-------- Given data --------

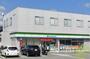 コンビニ　ファミリーマート 上大市四丁目店（コンビニ）まで504m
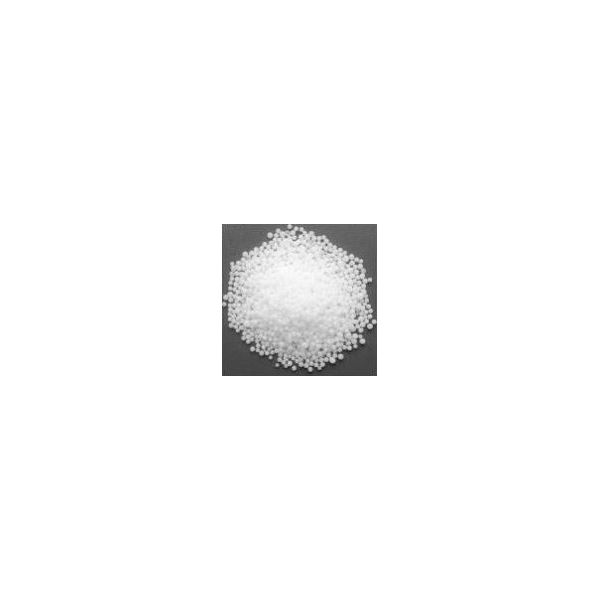 ADUBO UREIA AGRICOLA 1 KG 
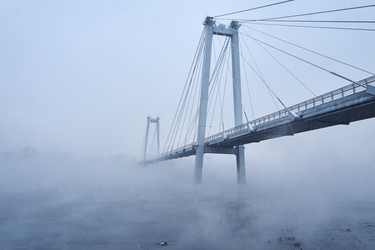 Similar image 21465198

--------

- _Aim of the task_: Keep every word of the lines above unchanged in the copy, and omit the pictures.

- _Response to this task_:
 コンビニ　ファミリーマート 上大市四丁目店（コンビニ）まで504m
 ADUBO UREIA AGRICOLA 1 KG 
 Similar image 21465198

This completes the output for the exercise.